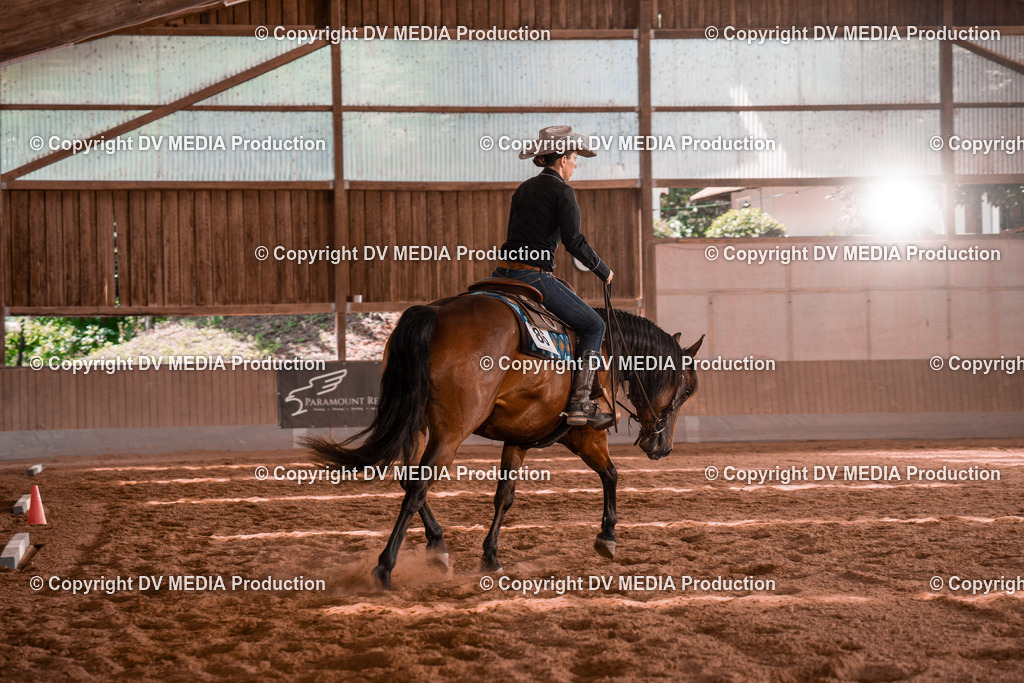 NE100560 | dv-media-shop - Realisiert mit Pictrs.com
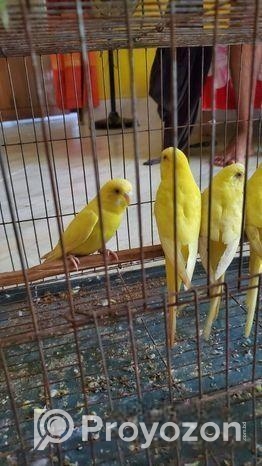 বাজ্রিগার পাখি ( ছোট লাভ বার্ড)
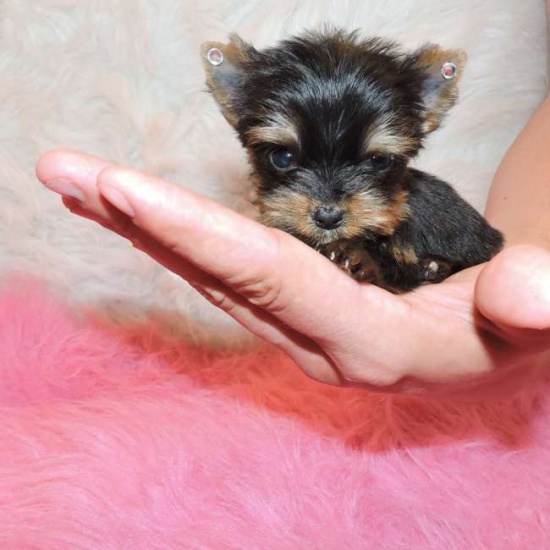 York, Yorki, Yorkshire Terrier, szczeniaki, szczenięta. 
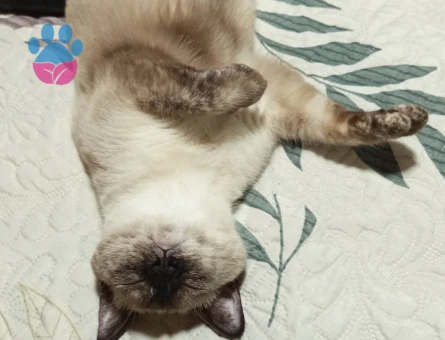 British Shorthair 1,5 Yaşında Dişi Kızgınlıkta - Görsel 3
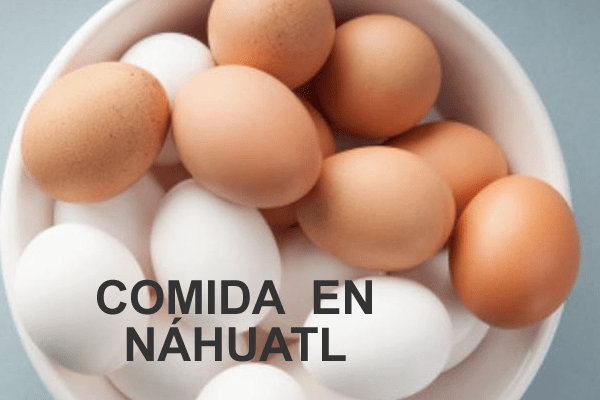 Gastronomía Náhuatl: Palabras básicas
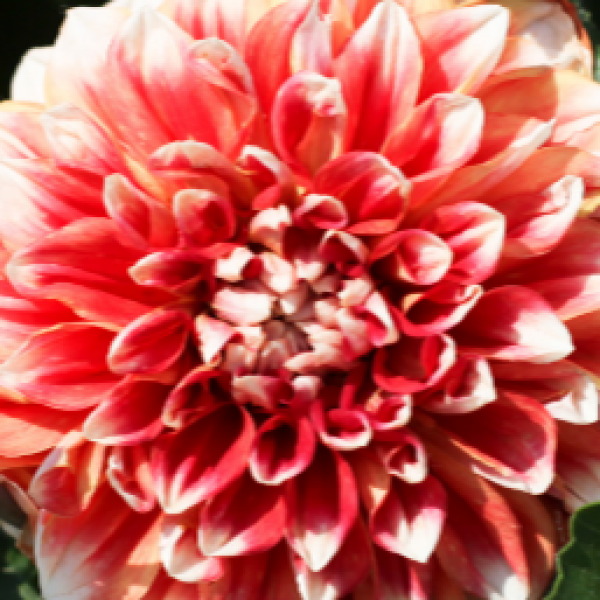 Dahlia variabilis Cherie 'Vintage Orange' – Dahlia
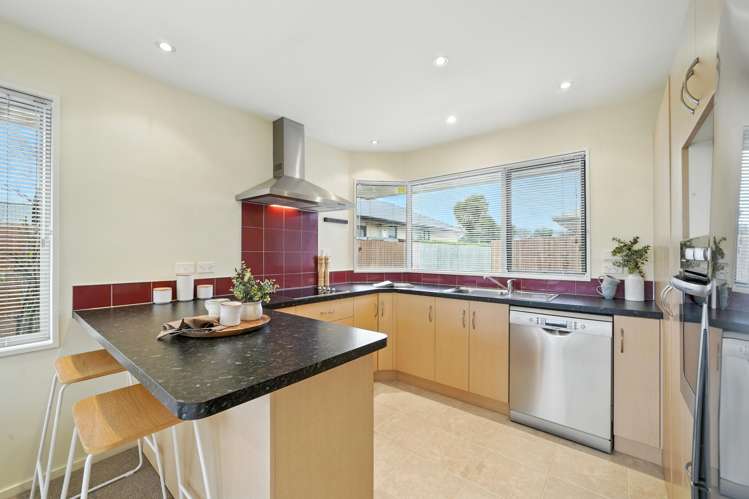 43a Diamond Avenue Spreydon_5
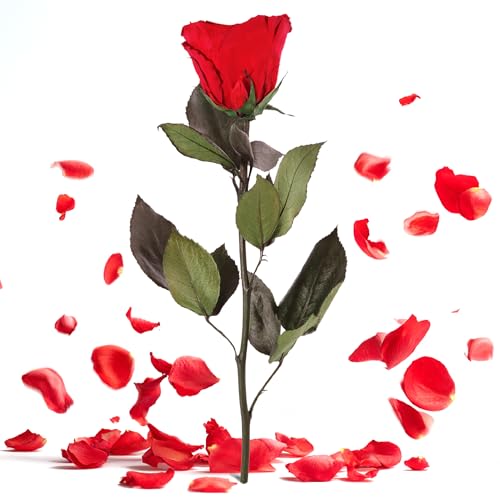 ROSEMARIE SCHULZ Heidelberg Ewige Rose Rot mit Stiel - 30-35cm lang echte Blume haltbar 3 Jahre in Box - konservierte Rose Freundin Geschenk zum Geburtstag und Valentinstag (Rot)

____

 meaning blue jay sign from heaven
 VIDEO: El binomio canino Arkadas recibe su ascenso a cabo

____

▶ [Your task]:
Using the data above, transcribe exactly the lines between those containing "বাজ্রিগার পাখি ( ছোট লাভ বার্ড)" and "ROSEMARIE SCHULZ Heidelberg", inclusive, and leave every picture behind.

▶ [Answer to this exercise]:
 বাজ্রিগার পাখি ( ছোট লাভ বার্ড)
 York, Yorki, Yorkshire Terrier, szczeniaki, szczenięta. 
 British Shorthair 1,5 Yaşında Dişi Kızgınlıkta - Görsel 3
 Gastronomía Náhuatl: Palabras básicas
 Dahlia variabilis Cherie 'Vintage Orange' – Dahlia
 43a Diamond Avenue Spreydon_5
 ROSEMARIE SCHULZ Heidelberg Ewige Rose Rot mit Stiel - 30-35cm lang echte Blume haltbar 3 Jahre in Box - konservierte Rose Freundin Geschenk zum Geburtstag und Valentinstag (Rot)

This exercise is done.